I lived in Holland for six years and at the Ime was pretty fluent. I would sometimes think and even dream in Dutch. I would occasionally use a Dutch idiom in English. My German got pretty good at the time, good enough for a business meeting or phone call. I can still read it, but if I try to speak, it comes out as Dutch! French has been there since high school, never fluent. Since moving to the US 35 years ago (I'm actually a Brit), I've learned Spanish. Speaking is rusty, but I love to read it.
What are some good Dutch, German, French, and Spanish Substacks?
When I began studying foreign languages I had the strange idea that I would learn how to replicate exactly what I would say into the other language, but of course that was very naive of me...
A language is no algebra. I discovered flexibility. I found out that the word we employ to translate may not mean exactly the same. And that we may even arrive to develop some sort of relationship with one specific language (for example English for me is more international than linked to a specific culture).

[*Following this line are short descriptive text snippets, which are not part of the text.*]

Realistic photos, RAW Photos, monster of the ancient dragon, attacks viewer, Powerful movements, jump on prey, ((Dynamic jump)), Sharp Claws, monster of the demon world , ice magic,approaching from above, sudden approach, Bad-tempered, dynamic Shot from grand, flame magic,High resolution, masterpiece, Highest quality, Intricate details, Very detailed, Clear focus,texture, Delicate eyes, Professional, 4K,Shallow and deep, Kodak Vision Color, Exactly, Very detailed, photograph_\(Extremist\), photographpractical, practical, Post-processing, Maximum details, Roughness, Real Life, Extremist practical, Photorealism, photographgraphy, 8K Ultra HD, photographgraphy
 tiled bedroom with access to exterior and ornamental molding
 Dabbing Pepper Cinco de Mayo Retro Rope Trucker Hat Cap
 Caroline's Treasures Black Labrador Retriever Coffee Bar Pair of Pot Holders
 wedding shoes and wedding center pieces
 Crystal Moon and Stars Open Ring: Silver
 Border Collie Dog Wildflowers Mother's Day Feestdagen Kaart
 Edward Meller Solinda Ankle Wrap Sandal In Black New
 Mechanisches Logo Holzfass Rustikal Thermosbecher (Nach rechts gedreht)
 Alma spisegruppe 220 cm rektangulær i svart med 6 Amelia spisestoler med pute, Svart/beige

Only in Spain I experienced something in line with your story, having lived there for 11 years. I couldn't keep Italian and Spanish at the same level. Though I would have loved to, it turned out impossible. So I started to lose some parts of my native language, and the most embarassing situations happened with my mother on the phone. She (not I) realized that I was Spanish-izing some similar words... she laughed, but I suffered 😟
Delirious to discover this particular newsletter. Over the summer, in preparation for a visit to the island of Procida, I read Elsa Morante's masterpiece, Arturo's Island (L'Isola di Arturo). Walking around the island visiting her haunts, filtering her descriptions of the prison, the olive groves, the particular house where Arturo lives was one of the most magical experiences of my life. I'm haunted by it still.
This article is so interesting to read, and reminds me of all the years of me straddling between two or more languages at any given time. I was born in China, so my mother tongue is supposed to be the dialect of my birth province. But it receded to the background as my family moved to Hong Kong and I learned the local language Cantonese once I started to go to school. But English was the official language then under British colonial rule. So I picked up both while speaking Mandarin in the primary school my parents sent me to (Mandarin was my father's language). So at home we regularly mix three languages (or dialects) with some English spinkled in. Later on when I lived in Sweden I started speaking "Swenglish." I've chosen English as my language of choice and work as an editor but I feel that my English is never 100% because of the "dilution" or influences of other languages in my head. And then my native Chinese has also been diluted over the years. At one point in my life my French was better than the other languages I knew but without regular usage it has become rusty.
Really liked this! I spent 2-1/2 years in Panama, in a part of the country where English is uncommon. Before going there, I had taken two semesters of Spanish at my local community college, so my Spanish language skills were, well, "poor" would be a kind way of putting it. Interestingly, though, after being there for a few weeks I found my writing had improved, I was choosing more interesting words, and it had a flow and a cadence it hadn't had before.
By the time we left Panama, I spoke Spanish at about the level of a slow two-year-old, but hearing it all around me had a big impact.